Produce exactly the lines from the one holding "Rivista di discipline" through the last line of the data below, with every picture left out.
★ ★ ★ ★ ★ ★ ★
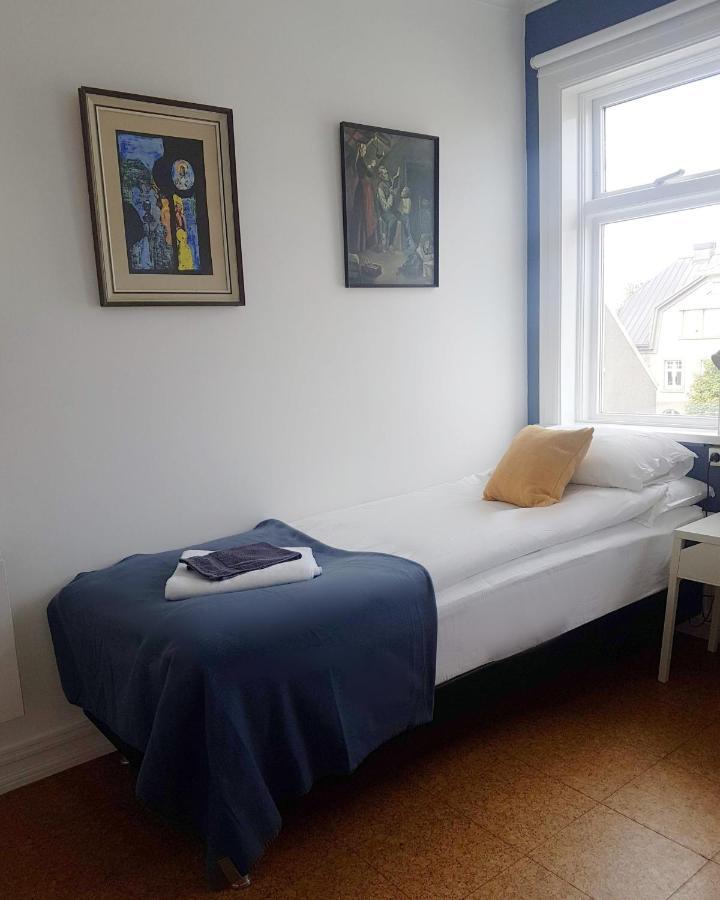 Refurinn Reykjavik Guesthouse エクステリア 写真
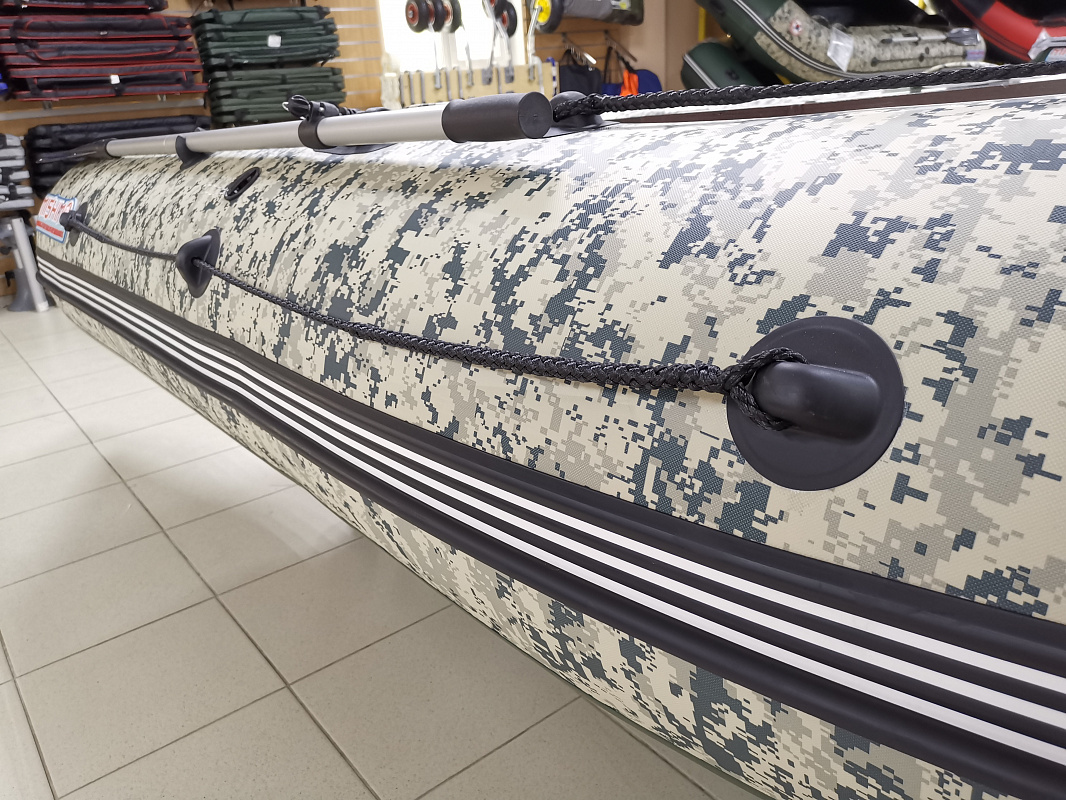 Лодка MISHIMO SPORT 400 в Барнауле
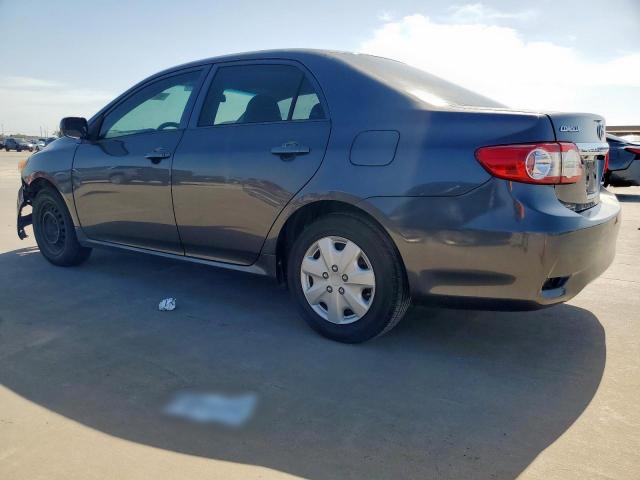 2013 TOYOTA COROLLA BA #3293430424
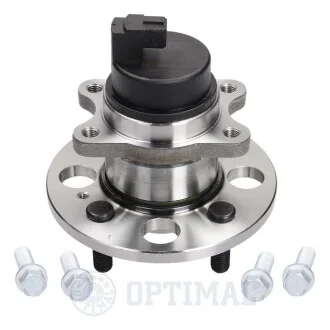 Підшипник ступиці зад. Hyundai Accent, Getz Kia Rio 09.02- (+ABS) Optimal 922406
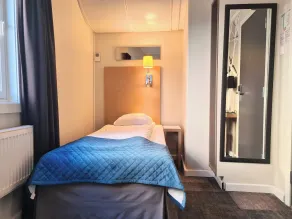 City Living Sentrum Hotel - Room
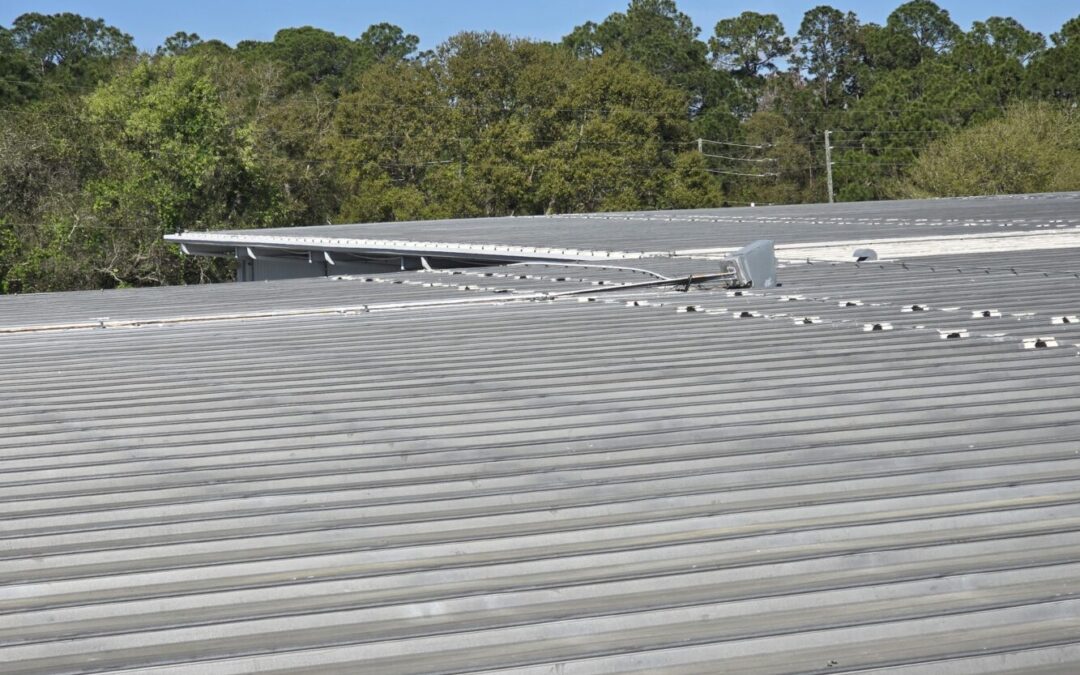 commercial roofing orlando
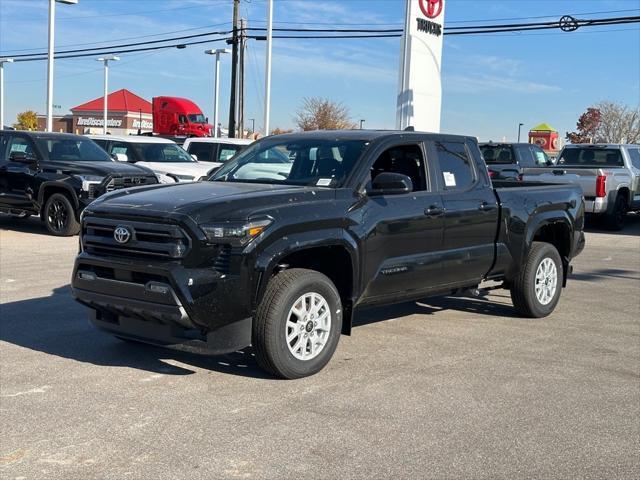 new 2024 Toyota Tacoma car, priced at $45,056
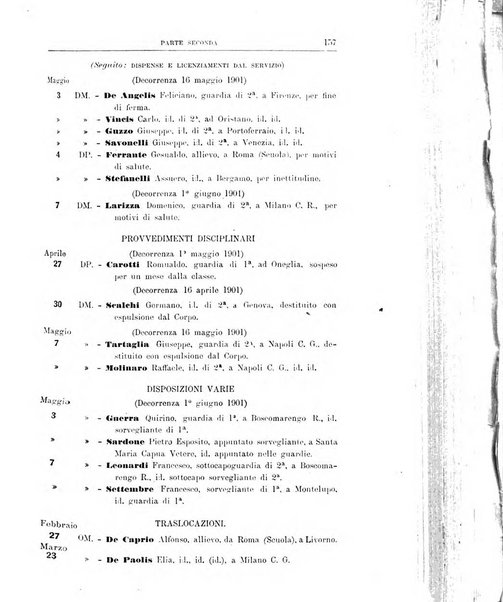 Rivista di discipline carcerarie in relazione con l'antropologia, col diritto penale, con la statistica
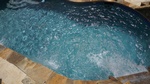 Filling a Swimming Pool Renovation by Bellagio Pools - Swimming Pool Contractor Alpharetta GA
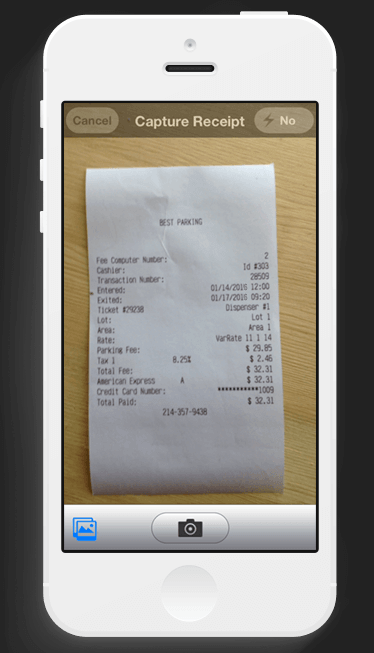 Concur Expense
★ ★ ★ ★ ★ ★ ★
### Problem solution
 Rivista di discipline carcerarie in relazione con l'antropologia, col diritto penale, con la statistica
 Filling a Swimming Pool Renovation by Bellagio Pools - Swimming Pool Contractor Alpharetta GA
 Concur Expense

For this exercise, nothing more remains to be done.